Em seu perfil, o vídeo contabiliza, atualmente, 56 mil visualizações. Entretanto, foi compartilhado em outras plataformas aleatoriamente, alcançando em torno de 7 milhões de visualizações. Há quem defenda a experiência mostrada por ele, mas muita gente optou por detonar o que seria apenas um "miojo de 30 reais".
"Há uma diferença entre valor e preço. Acho muito delicado você julgar o preço que cada estabelecimento cobra, pois existem diversos custos fixos que englobam o preço final ao cliente. Já o valor se dá a partir da percepção proporcionada pela ida ao estabelecimento", destaca o chef.
Para ele, o valor que pagou no prato — macarrão, ovo cozido e salsichas — e mostrou em vídeo é justificável: como são insumos importados, custam mais que o conhecido macarrão instantâneo brasileiro, em razão das taxas de importação. Rafael Aoki indica a visita a lugares como o Rappa Ramen para admiradores da cultura oriental, que queiram ter a sensação de como é almoçar em uma conveniência tradicional.
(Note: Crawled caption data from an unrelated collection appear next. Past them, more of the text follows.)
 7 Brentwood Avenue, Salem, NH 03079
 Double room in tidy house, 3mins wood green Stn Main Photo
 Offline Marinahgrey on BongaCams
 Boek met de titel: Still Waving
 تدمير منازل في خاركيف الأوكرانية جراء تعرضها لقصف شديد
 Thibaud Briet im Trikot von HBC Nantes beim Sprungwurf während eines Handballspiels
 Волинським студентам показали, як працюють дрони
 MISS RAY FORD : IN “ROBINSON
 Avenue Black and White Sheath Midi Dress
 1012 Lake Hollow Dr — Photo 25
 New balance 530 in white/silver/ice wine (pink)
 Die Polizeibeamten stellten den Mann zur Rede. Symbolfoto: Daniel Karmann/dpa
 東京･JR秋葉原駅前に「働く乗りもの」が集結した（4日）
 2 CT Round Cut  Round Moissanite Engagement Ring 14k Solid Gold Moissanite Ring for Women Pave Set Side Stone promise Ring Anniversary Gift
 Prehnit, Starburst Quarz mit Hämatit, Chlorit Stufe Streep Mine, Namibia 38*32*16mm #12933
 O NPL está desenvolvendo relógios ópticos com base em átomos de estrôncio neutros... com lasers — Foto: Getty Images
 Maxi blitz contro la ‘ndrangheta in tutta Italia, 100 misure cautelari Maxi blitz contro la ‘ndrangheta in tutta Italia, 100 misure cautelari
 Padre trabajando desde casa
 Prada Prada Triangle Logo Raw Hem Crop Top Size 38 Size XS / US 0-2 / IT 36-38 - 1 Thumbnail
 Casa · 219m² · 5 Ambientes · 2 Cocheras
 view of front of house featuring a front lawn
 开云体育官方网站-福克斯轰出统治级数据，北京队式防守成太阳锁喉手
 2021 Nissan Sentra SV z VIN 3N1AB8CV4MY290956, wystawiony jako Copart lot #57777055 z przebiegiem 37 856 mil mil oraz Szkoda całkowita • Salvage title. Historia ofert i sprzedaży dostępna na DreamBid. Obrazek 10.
Ele garante entender que críticas são bem-vindas, quando ponderadas e construtivas, pois ajudam a aprimorar um empreendimento. "Temos que tomar cuidado com as palavras para se referir ao trabalho de alguém, pois podem ser prejudiciais, com risco de até fechar um estabelecimento", argumenta.
Reação esperada
Sergio Lee, o dono do empreendimento, também não esperava tantos comentários ruins. "Mas não posso dizer que estou surpreso. Sendo sincero, até compreendo a reação, porque era para ser algo de baixo custo e conveniente, mas devemos lembrar que a relação do poder aquisitivo na Coreia do Sul é muito diferente da do cidadão brasileiro", opina.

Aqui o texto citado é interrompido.